FLICKING channels the other night, I chanced upon a documentary about the Swarbriggs, the Cavan brothers Jimmy and Tommy, who twice represented Ireland in the Eurovision during the 1970s.
The programme was part of a series on the showband era, described by RTÉ as a “golden period in Irish life”. This is a controversial opinion, I must say, although no doubt there are many who have affectionate memories of the time. My experience was limited to the very end of the era, by which stage it had reached a low ebb, artistically and commercially. We still await a retro-fashion fad that will make the clothes and hairstyles of late 1970s Ireland look good again, however briefly.
The Swarbriggs are now perhaps best known for a Eurovision video, which briefly held the world record for cheesiness (a record that, in fairness, was broken frequently then).
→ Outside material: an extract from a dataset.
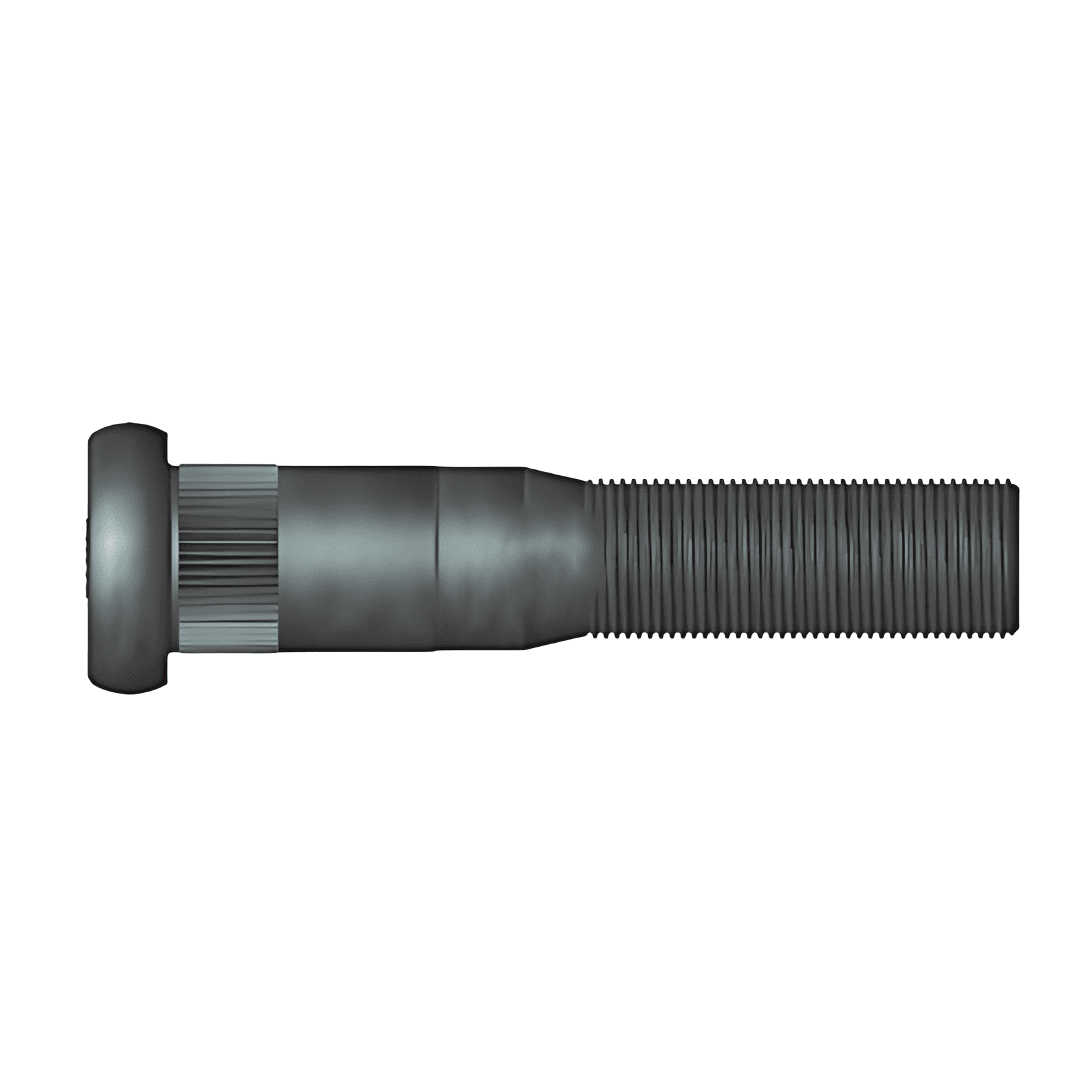 PARAFUSO RODA TRASEIRO ALUMINIO M22X1.5X116 10.9 - 2TB601161
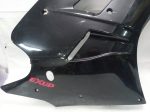 Yamaha FZR 1000 3GM RIGHT FAIRING 90’ - Image 3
And even this might have been successfully erased from memory had the makers of Father Ted not resurrected it years later in the celebrated “My Lovely Horse” episode.
Through the dubious tribute of Dermot Morgan and Ardal O’Hanlon, the Swarbriggs have achieved a certain immortality. And fair play to the Cavanmen, at least they can laugh about it.
But the thing that made me laugh about the other night’s documentary was its recall of an unintentionally poignant attempt to rebrand the Swarbriggs in 1978. Their English record company, EMI, thought the brothers and their band needed a catchier name to bring their upbeat pop music to a wider audience. So some marketing genius at the firm decided to call them – wait for it – “Winter”.
If ever a name spelt the end of an era, this was it. It did for the group’s career what frost does for baby potatoes. The album to accompany the rebranding sank without trace, and the duo split up soon afterwards. For various reasons, they were a Winter of discontent by then anyway. But I wonder what became of the EMI executive who renamed them. Maybe he went on to greater things elsewhere: the 1979 launch of Guinness Light, perhaps.
Names seem to have been a recurring problem in the late showband era. Well known is the unfortunate case of Big Tom and the Mainliners, who acquired that title in a more innocent time, when it did not yet imply intravenous drug use. Then they became Big Tom and the Travellers, which in due course also took on an unintended meaning: albeit not one that would prevent airplay in America.
But next to Winter, perhaps the most sadly apt name from the era was The Indians. What with the feathered head-dresses and war-paint, theirs was not the most politically correct act, even by 1970s standards. It was, however, well-timed. The showbands were a doomed civilisation by then, harassed on all sides by the coming of the white man, or “disco” as it was known. The success of the Indians, arguably, was the period’s Little Bighorn.
ANOTHER NAME from that era still resonates today, but for altogether grimmer reasons. The Miami Showband is now forever associated with one of the worst atrocities of the Northern Troubles: the 1975 murder of three of its members by a UVF gang in Co Down.
It was an incident that encapsulated all the madness of the time. The gang posed as soldiers mounting a checkpoint. Their plan was to smuggle a bomb onto the bus, to explode later and be blamed on the IRA. Instead, the device went off prematurely, killing two of the would-be murderers, whose surviving members then opened fire on the band.
The names of the five dead – and those of more than 3,500 others killed in the Troubles, will be read out in Dublin this coming Friday, in a now-annual commemoration. In fact this will be the 10th anniversary of the ceremony at the Unitarian Church on Stephen’s Green: the only commemoration of its kind in Ireland.
As the organisers explain, the ceremony illustrates “the terrible, random nature” of death in civil conflict, with its list including “British soldiers, IRA volunteers, loyalist paramilitaries, policemen and women, gardaí, part-time UDR men, prison officers, civil rights marchers, judges, businessmen, farmers, taxi drivers, social workers, children of all ages, people killed walking home from the pub, while watching football on the television, while attending church; people killed on trains, out walking and shopping and visiting in London and Birmingham, Dublin and Monaghan, Belfast and Derry and Omagh and a score of other Northern Irish towns and villages.” At noon, the readers will start alphabetically with Anthony Abbott, a soldier from Manchester killed by the IRA in Ardoyne in North Belfast in 1976, and they will finish at around 3pm with William and Letitia Younger, an elderly Protestant man and his daughter, who were beaten, stabbed and shot by intruders in their home at Ligoniel in 1980.
Unfortunately, the list is still lengthening. Chronologically, it always begins in 1966 with John Patrick Scullion, a Catholic storeman shot by the UVF in Belfast, but this year it ends just two months ago with Derry man Ciaran Doherty, killed in February by dissident republicans.
Friday’s ceremony will be preceded by a live broadcast on Lyric FM of RTÉ’s Vanbrugh String Quartet performing Haydn’s Seven Last Words of Christ. There will also be a reading by actor Denis Conway. Admission is free (with a voluntary collection for the Irish Red Cross’s Haiti appeal). And although those attending the Vanbrugh performance must be seated by 10.55am, people may otherwise drop in any time after noon.